A very different story lurks beneath the surface of these impressive-looking statistics. Although the survey was conducted by a team of professors at George Mason University in Virginia and Yale University in Connecticut, it was essentially a “push poll” designed to bias respondents in favor of the proposition.

The trick behind the outcome may be seen in the question’s wording. Rather than asking voters directly about the GND, the pollsters first presented them with a glowing paragraph-length synopsis that touted the proposition’s fantastical claims:

Some members of Congress are proposing a “Green New Deal” for the U.S. They say that a Green New Deal will produce jobs and strengthen America’s economy by accelerating the transition from fossil fuels to clean, renewable energy.
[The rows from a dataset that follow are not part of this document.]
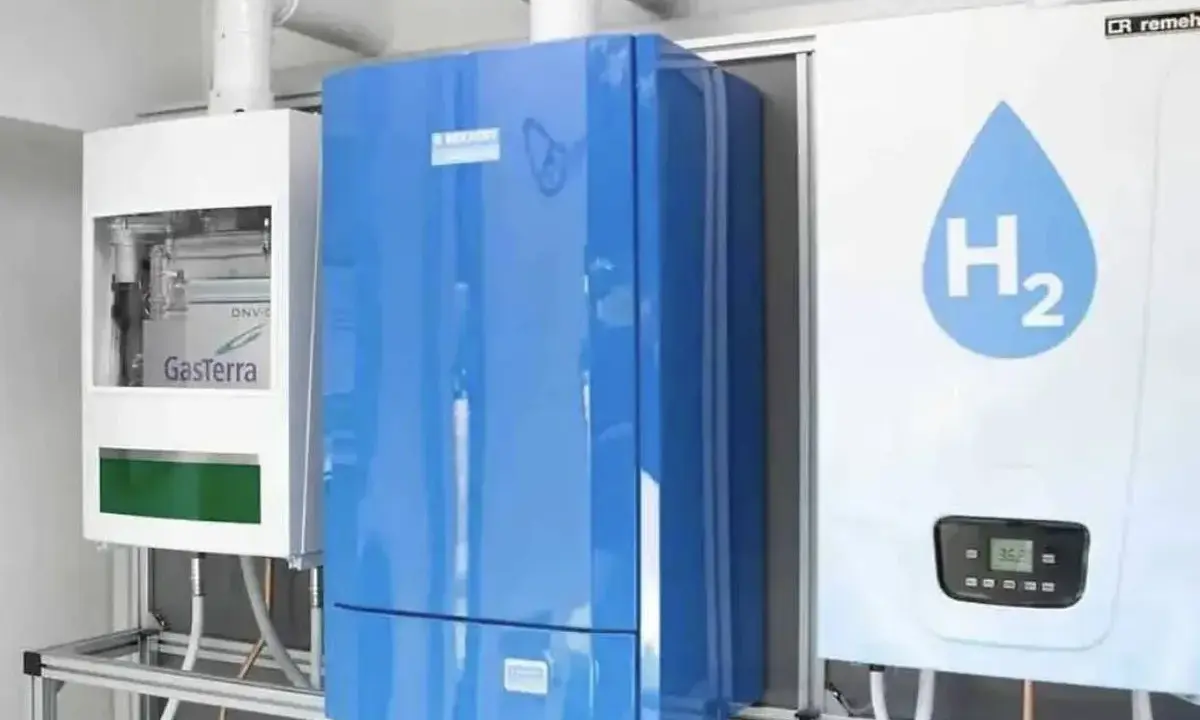 Calentadores de gas y un dispositivo con el símbolo H₂ para hidrógeno verde.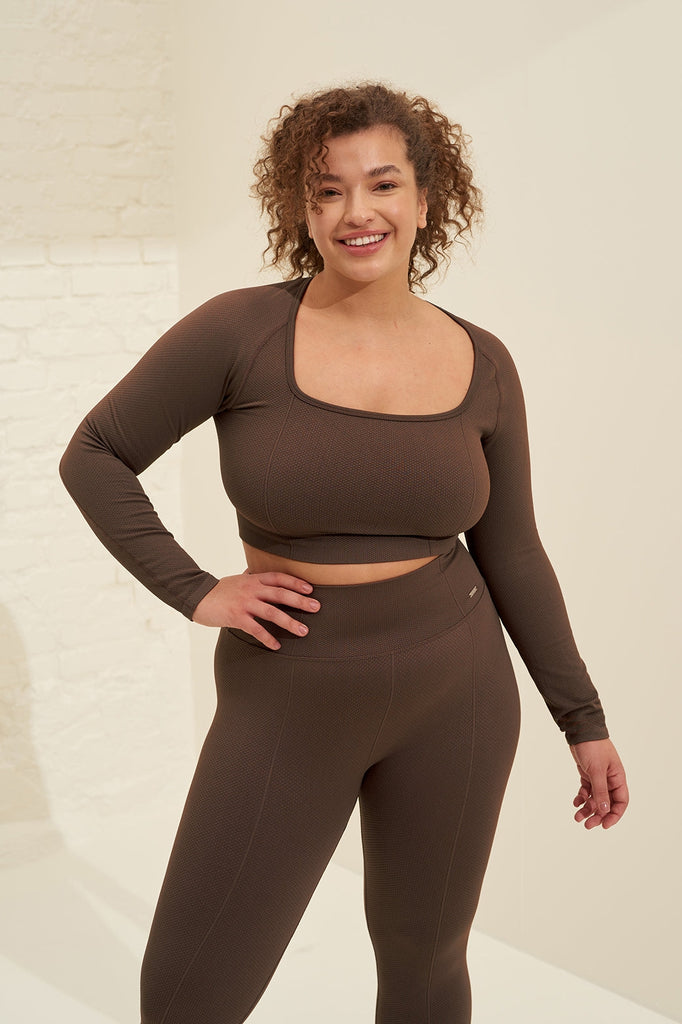 Seamless Contour Cropped Long Sleeve Top - Black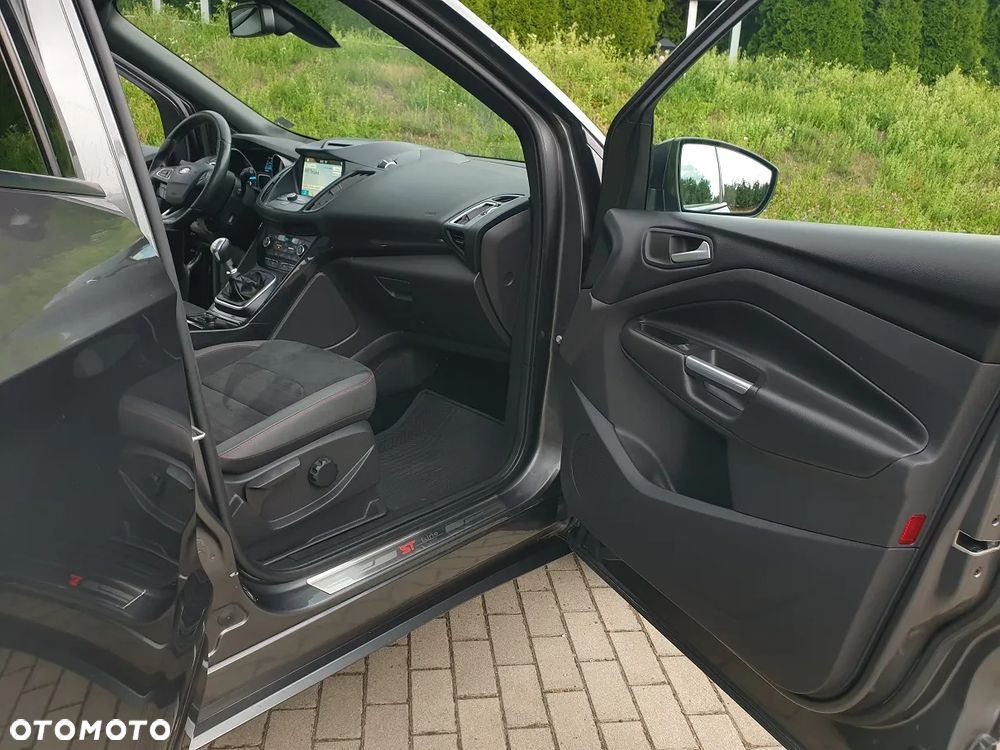 Ford Kuga 2.0 TDCi 4x4 ST-Line - 29
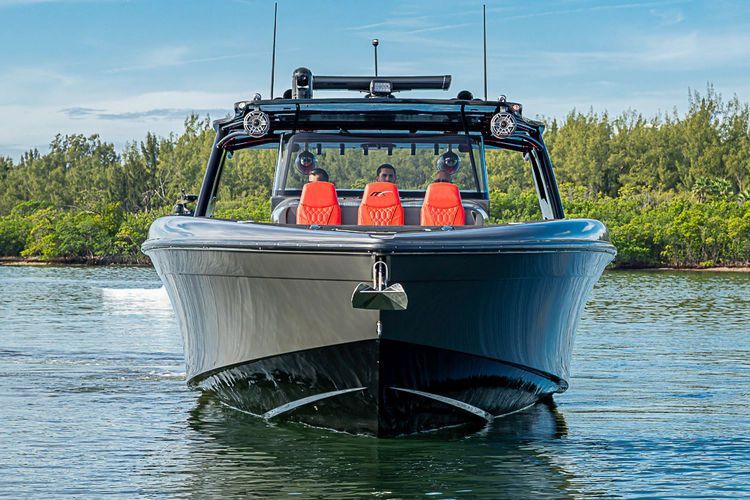 2021 Midnight Express 43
The Deal would generate 100% of the nation’s electricity from clean, renewable sources within the next 10 years; upgrade the nation’s energy grid, buildings, and transportation infrastructure; increase energy efficiency; invest in green technology research and development; and provide training for jobs in the new green economy.

Note that this paragraph intentionally leads the respondents toward a favorable view of the program.

It extols the GND promises of a “green energy” conversion on a scientifically impossible 10-year timeline as if it is a given. It promises an abundance of jobs and economic growth without revealing that these features depend upon the simultaneous adoption of an unprecedented federal jobs-guarantee program that would effectively place large swaths of the economy under direct federal government management.

It offers no indication that the same jobs-guarantee program would likely culminate in an unwieldy bureaucratic disaster of centralized economic planning. It makes no mention of the proposal’s extremist calls to phase out air travel in favor of trains, or to subject every building in America to costly renovation and reconstruction in order to meet new energy-efficiency rules. And it says not a word about the extreme price tag of the entire package, which certainly breaks into the tens of trillions of dollars and may reach as high as $93 trillion when all is said and done.

Instead, all of the pitfalls of the GND are conveniently brushed aside while all of its promised benefits, no matter how unrealistic or expensive, are presented to the survey’s respondents as if they were neutral and factual truths.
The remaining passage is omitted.